5. It’s the little things

There were countless acts of thoughtfulness that lifted me up beyond measure: Friends who dropped off books, fresh-pressed green juice, warm appetizers, hand-crafted earrings, flowers . . . and so much more. There were calls, texts, and cards to say, “Thinking of you. How are you doing?”

Friends came to the doctor’s office with me, and stayed to hear test results. Sometimes they just sat with me when words could not suffice, but presence is enough.

Thank you for overcoming your own discomfort and fear of not knowing what to do or say, and reaching out anyway.

6. Cultivate a spiritual practice

The ability to center myself when things felt untethered was a huge help as I went through months of waiting, uncertainty, and anxiety. I found strength and calm in connecting to my spiritual side on a daily basis.

For me prayer, meditation, being in nature, and walking labyrinths filled my cup and smoothed the rough edges where dark thoughts can creep in. I constantly felt a larger presence at work in my life. Whether you connect with the Divine in a church or in your garden, it can be helpful to seek comfort in a force greater than yourself.


My diagnosis exacted a mental, physical, and emotional toll, but it also challenged me to take charge of my destiny however I could. I learned to advocate for myself. I reached out to experts in the field. I asked tough questions and did research. I weighed treatment plans and made the best informed decision I could based on what I knew. That’s all anyone can do.

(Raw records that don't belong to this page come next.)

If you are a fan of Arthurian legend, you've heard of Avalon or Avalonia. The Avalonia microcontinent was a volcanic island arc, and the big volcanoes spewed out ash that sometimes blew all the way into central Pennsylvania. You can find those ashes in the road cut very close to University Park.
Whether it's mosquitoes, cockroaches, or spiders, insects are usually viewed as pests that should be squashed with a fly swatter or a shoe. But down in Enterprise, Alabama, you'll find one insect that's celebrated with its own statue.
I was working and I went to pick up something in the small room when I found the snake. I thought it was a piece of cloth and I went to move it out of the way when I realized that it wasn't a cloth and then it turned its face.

Chances are, you too will be tested at some point in your life. And when you emerge on the other side of that rabbit hole, what will you see?

In the quiet moments when we face ourselves in the mirror, can we accept our imperfections and see the beauty and strength that lies in each of us? Will we listen to that still, resolute voice that challenges us to make the most of this one precious life?

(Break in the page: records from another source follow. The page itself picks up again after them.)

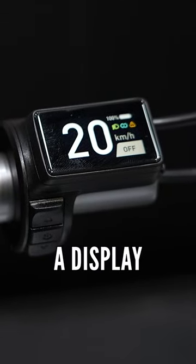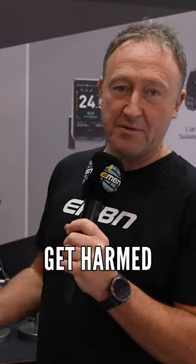It's a controller as well as this display. You've got Sport, Eco, Tour on this display here. Really small, it's not going to get harmed from when you fall off the bike.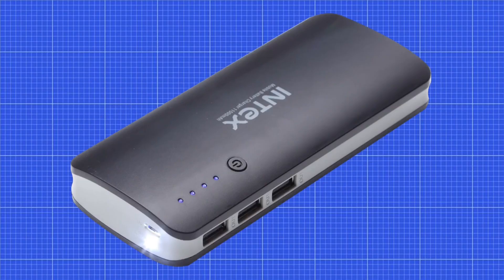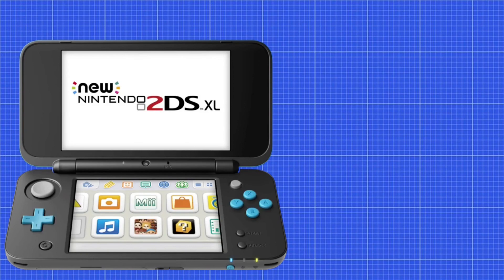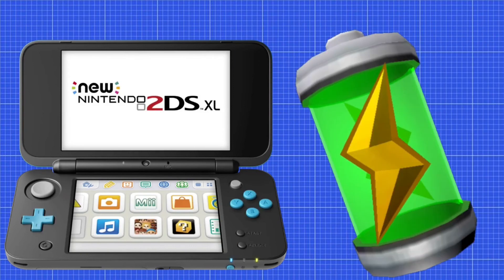Bonus step: Entertainment. If you have a portable charger, make sure it has been charged beforehand. Be sure your electronics are charged, or you have battery-powered things to play with.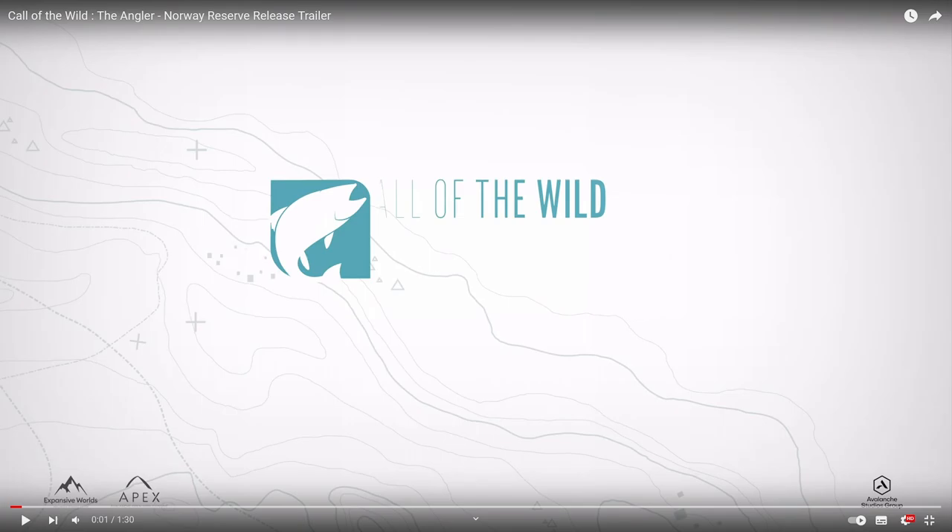Hello guys, KP Shamino here with a new video for Call of the Wild: The Angler. We got the trailer release for the new area and it's in Norway. I already know that from this morning because this morning they released the audio.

Categories: To my Readers, UncategorizedTags: , , , , ,


  1. Oh Karen, now i want to meet you even more!. Your writing is so beautiful and genuine. Breast cancer is a tough one, my own mom fought it twice( in remission for over 10 years) and my mother-in law just battled it this last year. She’s in recovery now and doing well. Thank you for sharing your personal story of strength and grace but especially for your lessons learned. We all need to be reminded of these beautiful insights. Sending you healing hugs, continued strength and good health.

    • Many blessings to your mom and mother-in-law Shahla! I’m so happy to hear they too are on the other side of this challenge. Thank you for your healing hugs, and I have no doubt we will meet soon 😉

  2. And I love you Sydney! You are one of my clan. xo

  3. Karen your writing kept me reading and your drive kept me grounded… I also was blessed with dense lumpy breasts and have been told there is fibrous changes which I’m preparing for a mammogram I had a lumpectomy 9 years ago and the tissue removed was benign. However, I have a small hard pea size lump now and my breast is painful . Thank you for sharing your journey and I wish you joy peace and health all the days of your life … You kicked cancers ass …
    Your IG friend

  4. Thank you for sharing your strength, lessons, insights, and love. You’re an inspiration to everyone!

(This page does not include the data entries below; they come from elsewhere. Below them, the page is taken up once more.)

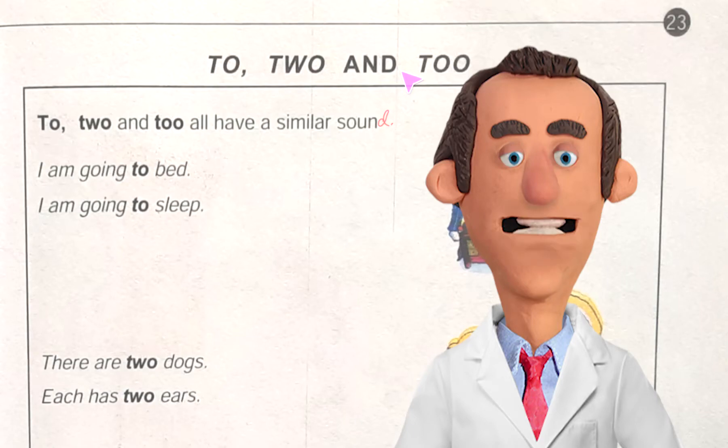Hello friends, again I am with you. Today I am going to discuss Junior English Book 1, page number 23, and today's topic is 'to', 'two', and 'too'. Here we have got three words and they all have a similar sound but their meanings are actually different. So let's see.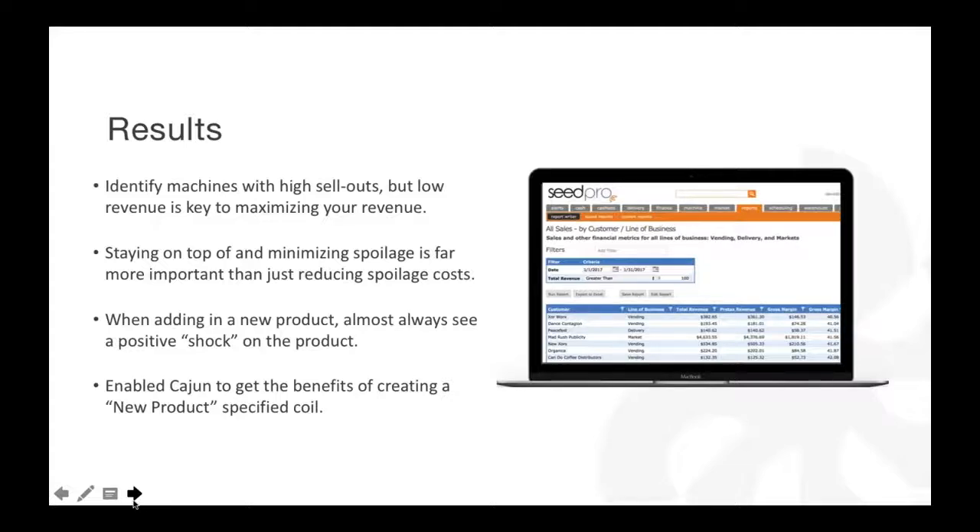Derek: When we introduce a new product, we always make sure the par is in line with the average par for that category in the machine. If 50% of your chips are parred out at capacity, you bring in a new chip and you're going to want to put it at capacity. It's new, it's going to sell — it's just something you have to watch and stay on top of. And like Jason has said, you have to constantly change items to get good results.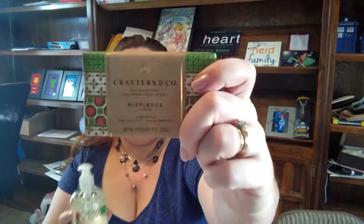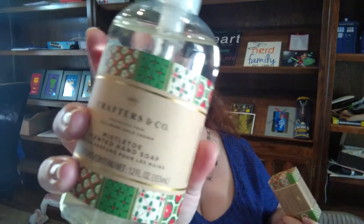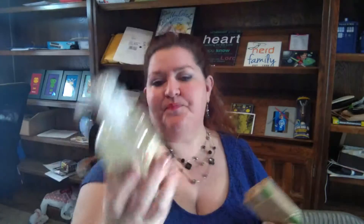And I came home with this most interesting and really great soap. I got a bar of soap in the mistletoe scent, and then I also got a liquid soap — trying to turn that so you can see it — and this is by their brand, Crafters and Company.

  5. Dear Karen, you have been someone I have looked up to since the day we met all those years ago. Your joy when you announced that you and Matt were pregnant with Haley, was amazing. Sharing in the Karner Clan Thanksgiving traditions made me feel like a part of your wonderful family. When you announced to your readers that you had breast cancer, my heart just sank. But, to read your blog today and to know that you are cancer-free, my heart is leaping with joy. You are such a beautiful person, inside and out. Thank you for sharing this journey with us. I love you bunches!

  6. These learnings are going on my wall – to read, absorb, and acknowledge the hard-won wisdom of one spectacular woman! Thank you, Karen.

  7. Thank you Karen for sharing your journey with all off us! I look forward to many years of growing our friendship!!

  8. Life’s challenges are not easy but I feel you come out on the better side of having learned how to deal with the,. So happy for you Karen.

  9. Such beautiful thoughts on getting through a health crisis. These are words we can all learn from.